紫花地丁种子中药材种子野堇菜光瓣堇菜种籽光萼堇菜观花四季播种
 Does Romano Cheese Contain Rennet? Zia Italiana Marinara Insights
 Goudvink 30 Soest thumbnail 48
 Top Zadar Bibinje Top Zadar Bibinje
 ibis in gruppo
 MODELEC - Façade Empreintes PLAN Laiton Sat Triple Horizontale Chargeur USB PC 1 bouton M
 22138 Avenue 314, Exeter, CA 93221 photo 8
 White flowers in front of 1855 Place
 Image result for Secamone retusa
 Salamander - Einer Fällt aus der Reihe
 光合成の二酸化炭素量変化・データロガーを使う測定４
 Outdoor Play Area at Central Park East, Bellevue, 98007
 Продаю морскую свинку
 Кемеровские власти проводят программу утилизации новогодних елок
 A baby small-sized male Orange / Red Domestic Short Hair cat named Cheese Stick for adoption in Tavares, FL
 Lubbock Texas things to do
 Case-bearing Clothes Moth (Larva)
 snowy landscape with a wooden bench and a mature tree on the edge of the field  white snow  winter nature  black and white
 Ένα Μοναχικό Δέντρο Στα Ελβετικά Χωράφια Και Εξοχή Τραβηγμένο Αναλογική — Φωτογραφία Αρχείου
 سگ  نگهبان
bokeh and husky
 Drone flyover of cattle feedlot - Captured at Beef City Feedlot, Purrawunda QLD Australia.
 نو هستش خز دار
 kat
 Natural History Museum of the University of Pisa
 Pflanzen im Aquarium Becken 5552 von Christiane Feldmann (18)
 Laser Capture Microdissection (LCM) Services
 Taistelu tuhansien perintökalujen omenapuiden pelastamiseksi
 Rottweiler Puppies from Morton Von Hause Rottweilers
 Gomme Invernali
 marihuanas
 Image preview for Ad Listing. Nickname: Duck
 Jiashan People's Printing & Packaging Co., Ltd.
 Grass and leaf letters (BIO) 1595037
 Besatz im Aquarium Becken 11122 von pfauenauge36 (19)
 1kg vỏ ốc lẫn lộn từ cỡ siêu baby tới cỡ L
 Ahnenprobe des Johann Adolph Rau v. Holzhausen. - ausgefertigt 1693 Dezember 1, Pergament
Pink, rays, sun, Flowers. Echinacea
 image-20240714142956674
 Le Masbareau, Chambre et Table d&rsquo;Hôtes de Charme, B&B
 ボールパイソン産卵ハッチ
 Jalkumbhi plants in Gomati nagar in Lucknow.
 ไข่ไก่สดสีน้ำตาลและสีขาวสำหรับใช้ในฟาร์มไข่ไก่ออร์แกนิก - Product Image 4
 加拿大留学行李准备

__________

What this task involves: Would you return all of the data exactly as it stands above?

Result of this exercise:
紫花地丁种子中药材种子野堇菜光瓣堇菜种籽光萼堇菜观花四季播种
 Does Romano Cheese Contain Rennet? Zia Italiana Marinara Insights
 Goudvink 30 Soest thumbnail 48
 Top Zadar Bibinje Top Zadar Bibinje
 ibis in gruppo
 MODELEC - Façade Empreintes PLAN Laiton Sat Triple Horizontale Chargeur USB PC 1 bouton M
 22138 Avenue 314, Exeter, CA 93221 photo 8
 White flowers in front of 1855 Place
 Image result for Secamone retusa
 Salamander - Einer Fällt aus der Reihe
 光合成の二酸化炭素量変化・データロガーを使う測定４
 Outdoor Play Area at Central Park East, Bellevue, 98007
 Продаю морскую свинку
 Кемеровские власти проводят программу утилизации новогодних елок
 A baby small-sized male Orange / Red Domestic Short Hair cat named Cheese Stick for adoption in Tavares, FL
 Lubbock Texas things to do
 Case-bearing Clothes Moth (Larva)
 snowy landscape with a wooden bench and a mature tree on the edge of the field  white snow  winter nature  black and white
 Ένα Μοναχικό Δέντρο Στα Ελβετικά Χωράφια Και Εξοχή Τραβηγμένο Αναλογική — Φωτογραφία Αρχείου
 سگ  نگهبان
bokeh and husky
 Drone flyover of cattle feedlot - Captured at Beef City Feedlot, Purrawunda QLD Australia.
 نو هستش خز دار
 kat
 Natural History Museum of the University of Pisa
 Pflanzen im Aquarium Becken 5552 von Christiane Feldmann (18)
 Laser Capture Microdissection (LCM) Services
 Taistelu tuhansien perintökalujen omenapuiden pelastamiseksi
 Rottweiler Puppies from Morton Von Hause Rottweilers
 Gomme Invernali
 marihuanas
 Image preview for Ad Listing. Nickname: Duck
 Jiashan People's Printing & Packaging Co., Ltd.
 Grass and leaf letters (BIO) 1595037
 Besatz im Aquarium Becken 11122 von pfauenauge36 (19)
 1kg vỏ ốc lẫn lộn từ cỡ siêu baby tới cỡ L
 Ahnenprobe des Johann Adolph Rau v. Holzhausen. - ausgefertigt 1693 Dezember 1, Pergament
Pink, rays, sun, Flowers. Echinacea
 image-20240714142956674
 Le Masbareau, Chambre et Table d&rsquo;Hôtes de Charme, B&B
 ボールパイソン産卵ハッチ
 Jalkumbhi plants in Gomati nagar in Lucknow.
 ไข่ไก่สดสีน้ำตาลและสีขาวสำหรับใช้ในฟาร์มไข่ไก่ออร์แกนิก - Product Image 4
 加拿大留学行李准备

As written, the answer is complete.